Сбила она сына во время его кружения вокруг лампочки влажным полотенцем, ручки да ножки его спеленала покрепче, да и отхватила белые эти крылышки ножницами для стрижки овец…
Кровищи было — хоть таз подставляй, а Толя молча, смотрел на маму, в зеркале отраженную, когда она ему пенечки от крыльев перебинтовывала, и столько наверно во взгляде его детском тоски и обиды было, что Верка, расплакалась сначала, а потом и вовсе перед ним на колени бухнулась…
- Прости, прости меня, сына ты мой ненаглядный… Прости ты меня, ангелочек ты мой… Совсем я видно ополоумела… Хрен знает что натворила, по глупости своей бабьей.
А когда его спекшиеся, бледные губы с трудом расклеились, что бы протолкнуть слова прощения, да такие слова, будто и не мальчик перед ней шестилетний стоял, а мудрый, великодушный, и довольно уже поживший на этом свете человек, совсем заплохело Верке. В испуге даже отшатнулась, саму себя чуть ножницами не поранила.
- Я понимаю, мама… Ты же не со зла… Ты не плачь мама… Я тебя попрекать не буду, ты не бойся… В конце — концов у тебя ведь тоже крылышек нет, и ничего, живешь…
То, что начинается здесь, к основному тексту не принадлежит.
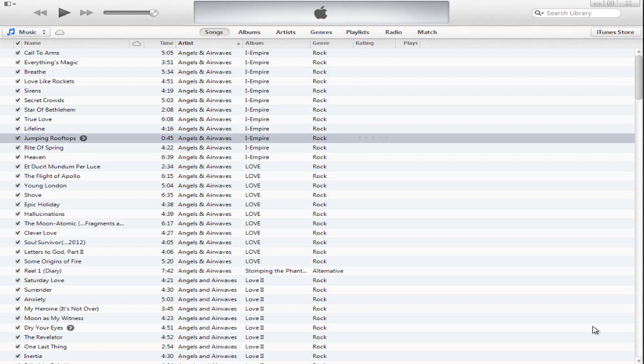That usually happens when there's an exclamation point icon to the left of the song name. So that means that iTunes can't play the song because it can't find it on my computer, even though it was on my computer.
Охнула мать протяжно и больно, упала на пол, да головой о чугунную кроватную ножку и ударилась… Вскочила было, с горяча должно быть, хотела видно утюг холодный к шишке приложить, да тут же снова на пол и повалилась, что бы с тех пор никогда уже с кровати не подниматься более, и рта не раскрывать… Паралич должно быть…
2.
Через месяц должно быть, из города комиссия в Веркин дом нагрянула: что бы как-то с парнишкой, с Толькой вопрос о детском доме утрясти — рано мол одному, трудно надо полагать в таком возрасте в деревне, да еще с матерью — инвалидкой…
Вошли испуганно в полутемную комнату, наверняка ожидая увидеть смрад да вонь, что вокруг лежачих частенько случается, да обшиблись, бедолаги.
Вокруг чистота да порядок. У Верки под кроватью горшок эмалированный, с ручкой облупленной, чистенький притулился. На полочках да подоконниках, из газет резные салфеточки разложены, а сам Толик за столом сидит и огромную книгу по слогам читает, губами шевелит и пальчиком вдоль строк водит.
Тот, что в комиссии за главного был, председатель значит, лысоватый мужичок, разве что чуть повыше, чем Толя, с брюками на помочах, отчего-то на цыпочках к столу подошел и, приподняв пальцем обложку, прочитал трагическим шепотом: — Болеслав Прус «Фараон».
После чего также на носочках вернулся к остальным и громким голосом спросил, неизвестно к кому обращаясь…
- А не хочет ли Толя, в город, в детский дом? Нехорошо, когда такой маленький мальчик растет без присмотра взрослых…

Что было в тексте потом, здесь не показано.